▼

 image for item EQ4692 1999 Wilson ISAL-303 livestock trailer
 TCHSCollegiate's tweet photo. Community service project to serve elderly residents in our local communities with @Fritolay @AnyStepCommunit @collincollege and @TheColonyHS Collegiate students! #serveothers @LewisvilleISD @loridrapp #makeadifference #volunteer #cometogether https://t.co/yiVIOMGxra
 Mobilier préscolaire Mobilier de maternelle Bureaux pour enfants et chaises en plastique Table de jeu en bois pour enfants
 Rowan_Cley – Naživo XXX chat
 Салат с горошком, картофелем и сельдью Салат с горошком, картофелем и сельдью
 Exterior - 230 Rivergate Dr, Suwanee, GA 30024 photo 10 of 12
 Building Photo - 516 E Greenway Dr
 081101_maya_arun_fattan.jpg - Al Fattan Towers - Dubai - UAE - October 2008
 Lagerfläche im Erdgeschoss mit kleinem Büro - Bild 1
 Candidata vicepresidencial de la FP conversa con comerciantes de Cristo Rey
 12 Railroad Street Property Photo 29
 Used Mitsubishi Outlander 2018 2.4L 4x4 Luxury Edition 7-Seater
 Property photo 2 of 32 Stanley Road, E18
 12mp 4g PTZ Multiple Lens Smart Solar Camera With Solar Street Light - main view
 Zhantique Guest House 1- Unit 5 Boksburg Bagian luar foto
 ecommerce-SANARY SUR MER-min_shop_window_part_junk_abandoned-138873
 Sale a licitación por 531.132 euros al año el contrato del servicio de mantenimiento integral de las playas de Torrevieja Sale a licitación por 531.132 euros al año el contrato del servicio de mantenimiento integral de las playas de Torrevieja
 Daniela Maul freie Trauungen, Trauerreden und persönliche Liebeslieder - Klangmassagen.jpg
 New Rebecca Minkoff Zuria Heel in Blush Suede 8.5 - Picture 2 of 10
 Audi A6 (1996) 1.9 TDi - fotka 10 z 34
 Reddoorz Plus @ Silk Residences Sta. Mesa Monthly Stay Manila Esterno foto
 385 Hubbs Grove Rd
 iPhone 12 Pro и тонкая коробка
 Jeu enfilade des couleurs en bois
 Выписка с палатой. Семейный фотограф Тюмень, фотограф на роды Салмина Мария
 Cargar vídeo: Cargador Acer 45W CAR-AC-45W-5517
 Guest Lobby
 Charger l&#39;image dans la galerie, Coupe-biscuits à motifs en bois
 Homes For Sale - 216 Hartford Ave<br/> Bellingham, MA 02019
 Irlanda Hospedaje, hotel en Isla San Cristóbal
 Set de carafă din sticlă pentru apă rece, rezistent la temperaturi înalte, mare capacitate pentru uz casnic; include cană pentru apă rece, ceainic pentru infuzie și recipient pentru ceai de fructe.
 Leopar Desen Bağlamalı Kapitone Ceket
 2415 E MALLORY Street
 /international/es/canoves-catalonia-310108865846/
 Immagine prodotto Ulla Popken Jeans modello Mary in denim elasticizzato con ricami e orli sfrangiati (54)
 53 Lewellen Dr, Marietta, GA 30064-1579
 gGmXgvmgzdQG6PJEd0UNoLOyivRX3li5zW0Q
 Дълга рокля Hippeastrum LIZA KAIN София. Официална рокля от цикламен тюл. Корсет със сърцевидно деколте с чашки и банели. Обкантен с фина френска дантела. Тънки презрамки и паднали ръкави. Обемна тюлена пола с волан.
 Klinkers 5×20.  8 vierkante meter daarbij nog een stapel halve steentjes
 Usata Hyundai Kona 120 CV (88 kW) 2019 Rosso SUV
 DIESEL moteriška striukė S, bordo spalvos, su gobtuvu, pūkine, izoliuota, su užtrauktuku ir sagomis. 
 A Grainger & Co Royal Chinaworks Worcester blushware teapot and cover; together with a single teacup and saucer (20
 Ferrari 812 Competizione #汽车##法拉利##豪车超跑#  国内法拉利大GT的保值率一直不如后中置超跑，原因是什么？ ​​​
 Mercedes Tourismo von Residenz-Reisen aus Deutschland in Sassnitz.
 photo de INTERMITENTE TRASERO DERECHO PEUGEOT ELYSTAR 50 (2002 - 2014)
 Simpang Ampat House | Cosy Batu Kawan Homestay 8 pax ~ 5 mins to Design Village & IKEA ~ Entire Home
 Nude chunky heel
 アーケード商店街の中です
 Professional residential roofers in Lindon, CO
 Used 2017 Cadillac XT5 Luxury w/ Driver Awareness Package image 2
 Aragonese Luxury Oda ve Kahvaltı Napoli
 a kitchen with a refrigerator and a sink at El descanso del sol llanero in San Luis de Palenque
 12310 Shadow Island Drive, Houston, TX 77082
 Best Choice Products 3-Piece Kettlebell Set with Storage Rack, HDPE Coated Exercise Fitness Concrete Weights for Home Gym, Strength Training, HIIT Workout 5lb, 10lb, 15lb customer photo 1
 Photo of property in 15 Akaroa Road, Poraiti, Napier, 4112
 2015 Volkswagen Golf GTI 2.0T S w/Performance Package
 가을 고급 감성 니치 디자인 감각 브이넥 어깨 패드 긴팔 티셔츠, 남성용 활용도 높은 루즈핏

▲

Each entry is to be retyped exactly as it appears.

 image for item EQ4692 1999 Wilson ISAL-303 livestock trailer
 TCHSCollegiate's tweet photo. Community service project to serve elderly residents in our local communities with @Fritolay @AnyStepCommunit @collincollege and @TheColonyHS Collegiate students! #serveothers @LewisvilleISD @loridrapp #makeadifference #volunteer #cometogether https://t.co/yiVIOMGxra
 Mobilier préscolaire Mobilier de maternelle Bureaux pour enfants et chaises en plastique Table de jeu en bois pour enfants
 Rowan_Cley – Naživo XXX chat
 Салат с горошком, картофелем и сельдью Салат с горошком, картофелем и сельдью
 Exterior - 230 Rivergate Dr, Suwanee, GA 30024 photo 10 of 12
 Building Photo - 516 E Greenway Dr
 081101_maya_arun_fattan.jpg - Al Fattan Towers - Dubai - UAE - October 2008
 Lagerfläche im Erdgeschoss mit kleinem Büro - Bild 1
 Candidata vicepresidencial de la FP conversa con comerciantes de Cristo Rey
 12 Railroad Street Property Photo 29
 Used Mitsubishi Outlander 2018 2.4L 4x4 Luxury Edition 7-Seater
 Property photo 2 of 32 Stanley Road, E18
 12mp 4g PTZ Multiple Lens Smart Solar Camera With Solar Street Light - main view
 Zhantique Guest House 1- Unit 5 Boksburg Bagian luar foto
 ecommerce-SANARY SUR MER-min_shop_window_part_junk_abandoned-138873
 Sale a licitación por 531.132 euros al año el contrato del servicio de mantenimiento integral de las playas de Torrevieja Sale a licitación por 531.132 euros al año el contrato del servicio de mantenimiento integral de las playas de Torrevieja
 Daniela Maul freie Trauungen, Trauerreden und persönliche Liebeslieder - Klangmassagen.jpg
 New Rebecca Minkoff Zuria Heel in Blush Suede 8.5 - Picture 2 of 10
 Audi A6 (1996) 1.9 TDi - fotka 10 z 34
 Reddoorz Plus @ Silk Residences Sta. Mesa Monthly Stay Manila Esterno foto
 385 Hubbs Grove Rd
 iPhone 12 Pro и тонкая коробка
 Jeu enfilade des couleurs en bois
 Выписка с палатой. Семейный фотограф Тюмень, фотограф на роды Салмина Мария
 Cargar vídeo: Cargador Acer 45W CAR-AC-45W-5517
 Guest Lobby
 Charger l&#39;image dans la galerie, Coupe-biscuits à motifs en bois
 Homes For Sale - 216 Hartford Ave<br/> Bellingham, MA 02019
 Irlanda Hospedaje, hotel en Isla San Cristóbal
 Set de carafă din sticlă pentru apă rece, rezistent la temperaturi înalte, mare capacitate pentru uz casnic; include cană pentru apă rece, ceainic pentru infuzie și recipient pentru ceai de fructe.
 Leopar Desen Bağlamalı Kapitone Ceket
 2415 E MALLORY Street
 /international/es/canoves-catalonia-310108865846/
 Immagine prodotto Ulla Popken Jeans modello Mary in denim elasticizzato con ricami e orli sfrangiati (54)
 53 Lewellen Dr, Marietta, GA 30064-1579
 gGmXgvmgzdQG6PJEd0UNoLOyivRX3li5zW0Q
 Дълга рокля Hippeastrum LIZA KAIN София. Официална рокля от цикламен тюл. Корсет със сърцевидно деколте с чашки и банели. Обкантен с фина френска дантела. Тънки презрамки и паднали ръкави. Обемна тюлена пола с волан.
 Klinkers 5×20.  8 vierkante meter daarbij nog een stapel halve steentjes
 Usata Hyundai Kona 120 CV (88 kW) 2019 Rosso SUV
 DIESEL moteriška striukė S, bordo spalvos, su gobtuvu, pūkine, izoliuota, su užtrauktuku ir sagomis. 
 A Grainger & Co Royal Chinaworks Worcester blushware teapot and cover; together with a single teacup and saucer (20
 Ferrari 812 Competizione #汽车##法拉利##豪车超跑#  国内法拉利大GT的保值率一直不如后中置超跑，原因是什么？ ​​​
 Mercedes Tourismo von Residenz-Reisen aus Deutschland in Sassnitz.
 photo de INTERMITENTE TRASERO DERECHO PEUGEOT ELYSTAR 50 (2002 - 2014)
 Simpang Ampat House | Cosy Batu Kawan Homestay 8 pax ~ 5 mins to Design Village & IKEA ~ Entire Home
 Nude chunky heel
 アーケード商店街の中です
 Professional residential roofers in Lindon, CO
 Used 2017 Cadillac XT5 Luxury w/ Driver Awareness Package image 2
 Aragonese Luxury Oda ve Kahvaltı Napoli
 a kitchen with a refrigerator and a sink at El descanso del sol llanero in San Luis de Palenque
 12310 Shadow Island Drive, Houston, TX 77082
 Best Choice Products 3-Piece Kettlebell Set with Storage Rack, HDPE Coated Exercise Fitness Concrete Weights for Home Gym, Strength Training, HIIT Workout 5lb, 10lb, 15lb customer photo 1
 Photo of property in 15 Akaroa Road, Poraiti, Napier, 4112
 2015 Volkswagen Golf GTI 2.0T S w/Performance Package
 가을 고급 감성 니치 디자인 감각 브이넥 어깨 패드 긴팔 티셔츠, 남성용 활용도 높은 루즈핏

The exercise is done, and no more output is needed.